There was one more road block to pass, the inspectors always  waited on top of Ballina hill and the next afternoon sure enough they stopped us. One of them in the middle of the road, with a stop sign and pointing to the parking area.  I didn’t pull off the road, sort of ambled up to him, leant out of the window and before the inspector could speak, I looked down and said..
“Are you another one of the Gestapo running around checking what everyone is doing in this state? We had a run in yesterday with one of you lot down near Karuah, they were happy to see the last of us. This is my dad’s truck with his furniture and he is migrating to Queensland out of this bloody awful state. I suggest you just stand aside, the border is three hours away and we intend to cross over tonight come what may.”  With that I slipped it into gear and moved off leaving him there in the middle of the road with a surprised look on his face with the stop sign, dangling down beside his leg. We watched the road behind for a time but no one chased us.

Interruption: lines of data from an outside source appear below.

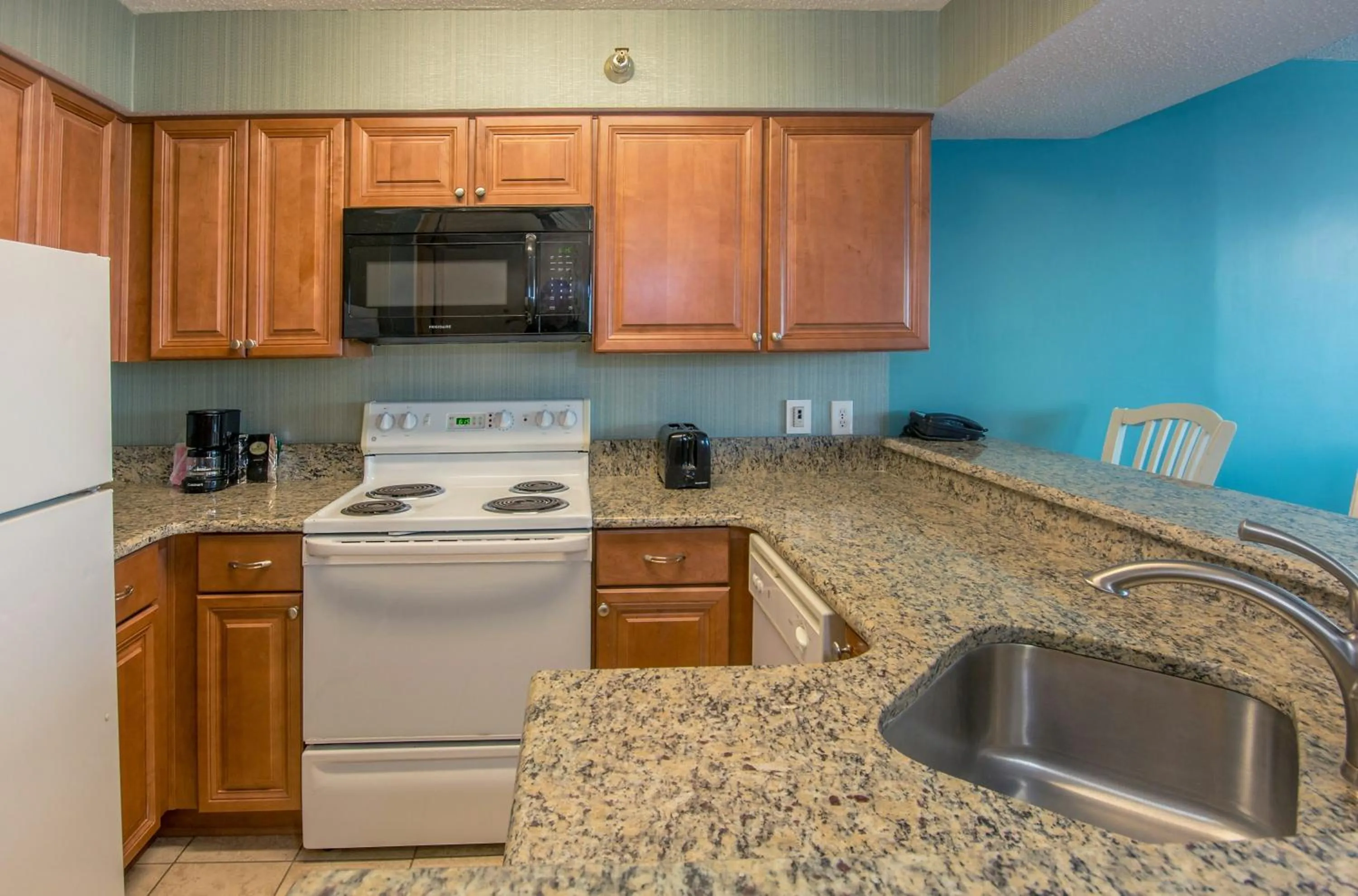 Kitchen or kitchenette in The Strand - A Boutique Resort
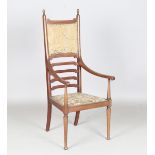 An Edwardian Arts and Crafts mahogany framed ladder back elbow chair by Hampton & Sons of Pall Mall,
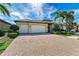 Attractive home with brick driveway, manicured landscaping, and a convenient three-car garage at 138 Toscavilla Blvd, Nokomis, FL 34275
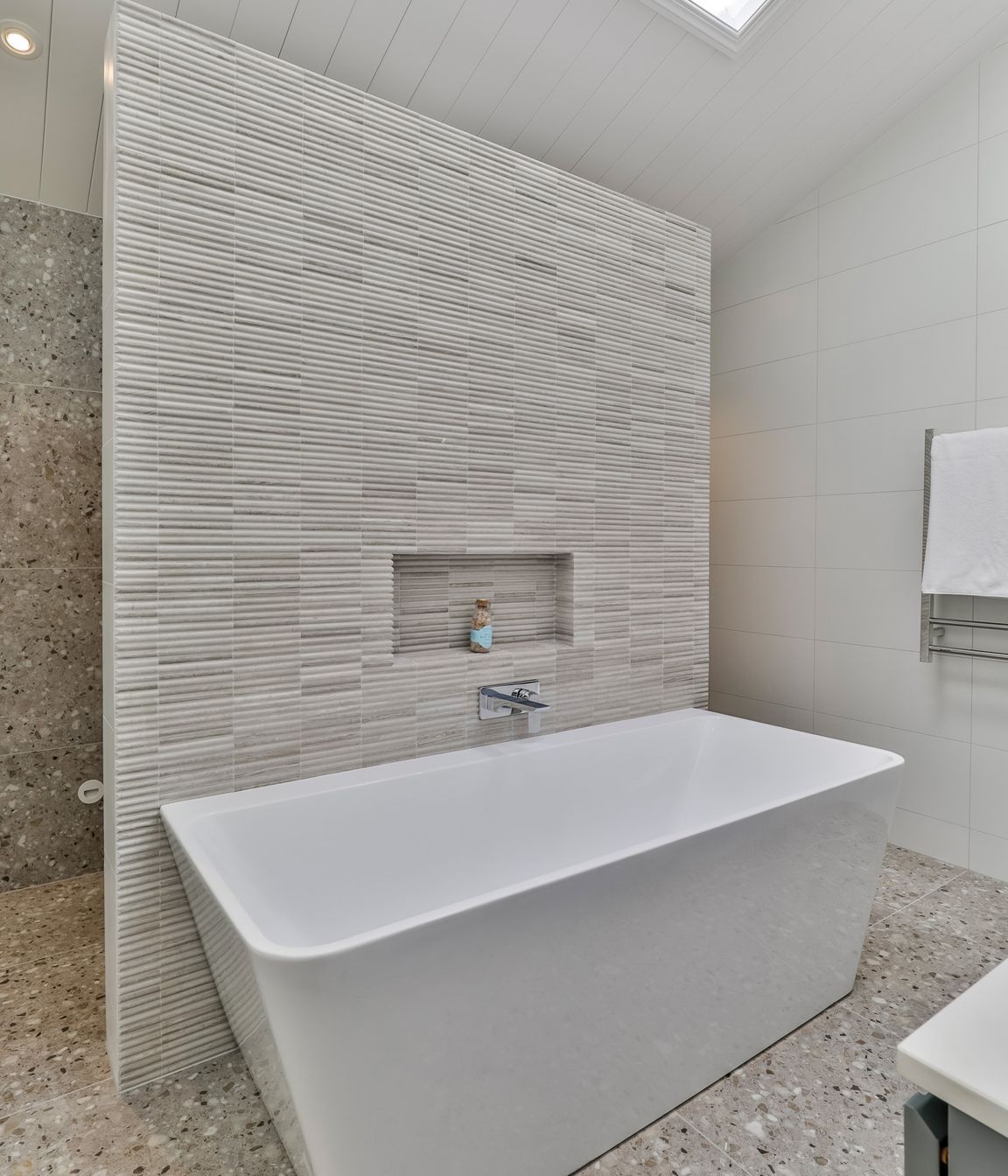 TILE DEPOT / Tiles: Colosseum Travertine 305x305mm, Blanco Brillo Matt 300x600mm, Frammenta Taupe 597x597mm / Tap: Olympia Wall Mounted basin Mixer Chrome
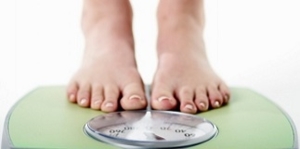 Woman on Weighing Scale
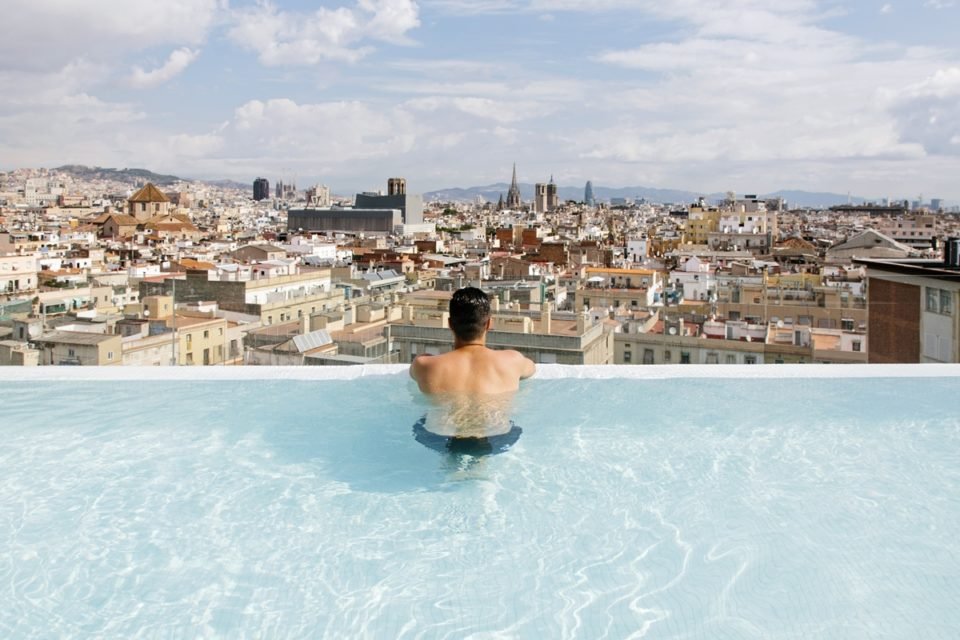 Um homem branco está de costas na beira da peiscina olhando para a cidade de Barcelona, na Espanha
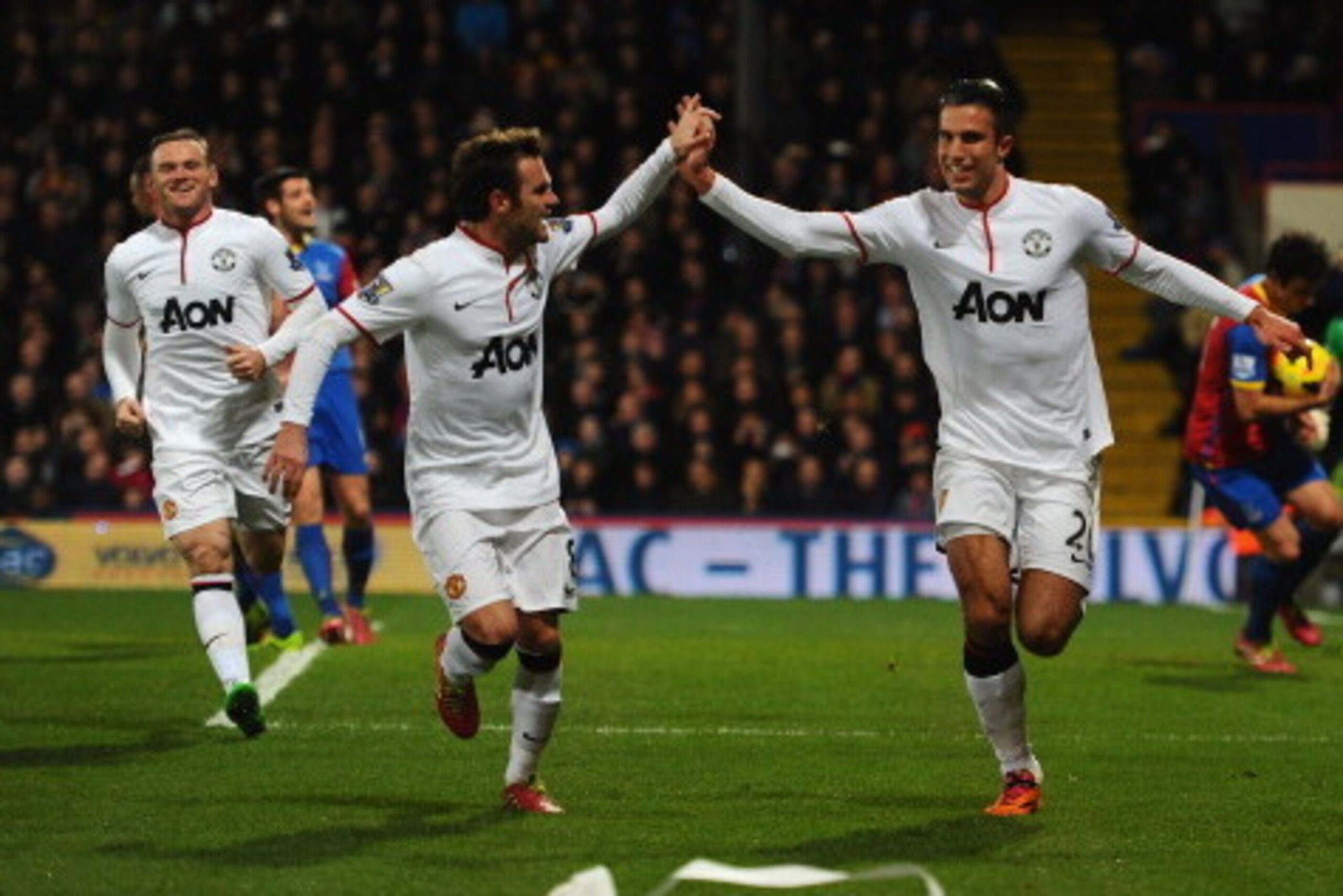 LONDON, ENGLAND - FEBRUARY 22:  Robin Van Persie of Man United celebrates with Juan Mata after scoring from the spot during the Barclays Premier League match between Crystal Palace and Manchester United at Selhurst Park on February 22, 2014 in London, Eng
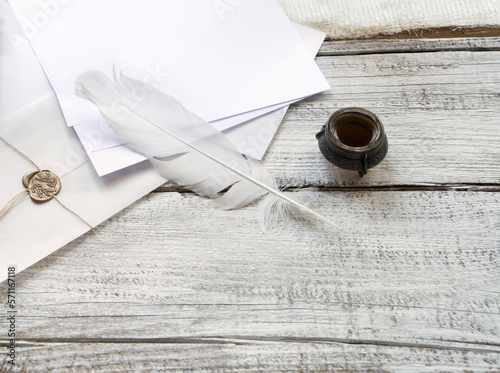 Envelope and paper on white wooden table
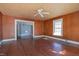 Spacious living room featuring hardwood floors and ceiling fan at 110 Summit Ave, Raleigh, NC 27603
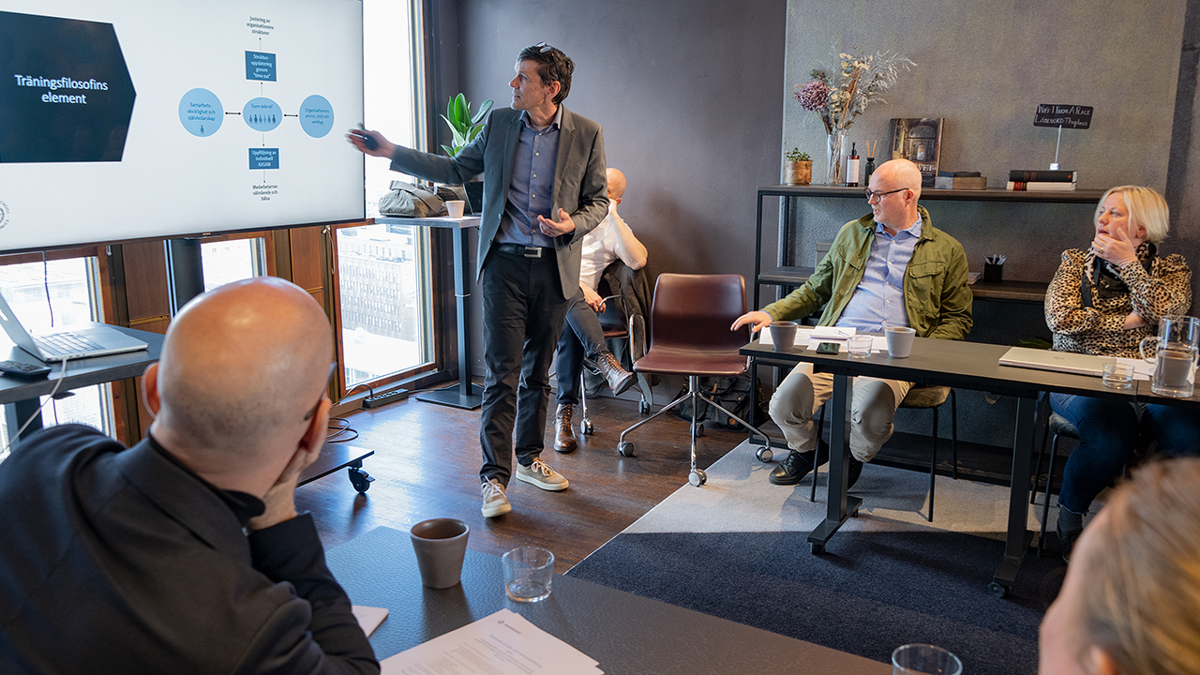 En föreläsare står framför en ppt-presentation medan flera andra tittar och lyssnar på honom.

At last ....we crossed the border into Queensland a little after 8pm..all smiles.
My dad passed away many years ago.
 He enjoyed his retirement and I always had a chuckle thinking of that trip.
 He built his house, sold the truck for a small profit and over the years we both had a laugh thinking about that trip and adding little bits we could have said. Then it was good enough.
When I think of that trip and am drinking a beer.. ..The beer always tastes so much better.
Your buy!
Copyright Ray Gilleland  November 2010   from his new book.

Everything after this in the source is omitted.